If the Stop Dangerous Sanctuary Cities Act passes, it could set a dangerous precedent that would allow the federal government to nationalize the police and limit local authority to manage their police departments.
Local officials have historically been responsible for managing local police departments in the United States, and officials in more than 19,000 cities and towns currently play a significant role in how their police officers protect and serve their residents. The majority of these departments are in small cities and towns, and they often have only a handful of officers to protect their communities. Local officials work closely with their city’s law enforcement officials to ensure police officers have the support, resources and training they need to serve their communities with honor, integrity, moral character and courage.
However, this could radically change if Congress passes legislation that would make local police officers “employees of the federal government” and give them the authority to detain people that could be in the country illegally.
With more than 91 Republican co-sponsors in the House and 25 Republican co-sponsors in the Senate, the Stop Dangerous Sanctuary Cities Act (H.R. 400/S. 87) would make local police officers federal agents to enforce federal immigration laws. According to the bill’s authors, Representative Diane Black (R-TN-6) and Senator Pat Toomey (R-PA), the purpose of making local police officers federal agents is to provide them legal protection if someone files a lawsuit to challenge the legality of detaining them without probable cause and judicial warrant.
Passage of this legislation will set a very dangerous precedent and continue to erode our federalist system in which the U.S. Constitution ensures the power to police is left to state and local governments. Giving the federal government the authority to make local police officers federal agents undermines the role of local elected officials in managing their police departments and erodes the trust residents place on local officials to protect and serve their communities.

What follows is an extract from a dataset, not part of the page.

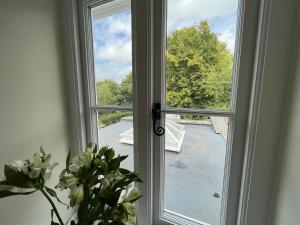 a window with a view of a street at 1 Aplands in Blandford Forum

The legislation specifically targets a city “that has a statute, policy or practice in effect that prohibits or restricts 1) information sharing about an individual’s immigration status, or 2) compliance with a lawfully-issued detainer request or notification of release request.” The legislation would bar the city from receiving grants administered through the Economic Development Assistance Program and the Community Development Block Grant Program.
If the city wants to continue to receive grants through these programs, it will be forced to make its police officers federal agents of the Department of Homeland Security (DHS) and comply with any DHS detainer request.
If passed into law, this legislation (as it is currently written) could face significant Constitutional challenges, as it may violate the Tenth Amendment, which reserves powers not delegated to the federal government to the state. It is the sole responsibility of the federal government to detain, prosecute and deport individuals who violate federal immigration laws.
At a time when local governments are working to strengthen police-community relations, build trust, advance initiatives to increase economic mobility, and live out their values of inclusion and equity, legislative proposals to make local police officers federal agents are particularly troubling and counterproductive. An attempt by Congress to shift the federal responsibility of enforcing federal immigration laws to local police is an unfunded mandate that diverts critical resources from local government programs, compromises public safety, and hinders local efforts to work with immigrant communities.
NLC’s long-standing position is that measures requiring cities to use local law enforcement resources to enforce federal immigration laws are unfunded mandates that impose additional disproportionate responsibilities on local law enforcement, increase financial liability on local governments, and ultimately move us further from our foundational principles of federalism.
Instead of making local police officers federal agents, Congress should work with local governments to find a solution to our broken immigration system that respects the principles of local control, effectively enforces current immigration law, and creates a process whereby undocumented immigrants currently living in our cities may earn legalized status.
Interested in learning more about this topic? Read The Federal Government Needs to Fix the Immigration System — Not Cities.
Featured image from Getty Images.
About the author: Yucel (“u-jel”) Ors is the program director of public safety and crime prevention at the National League of Cities. Follow Yucel on Twitter at @nlcpscp.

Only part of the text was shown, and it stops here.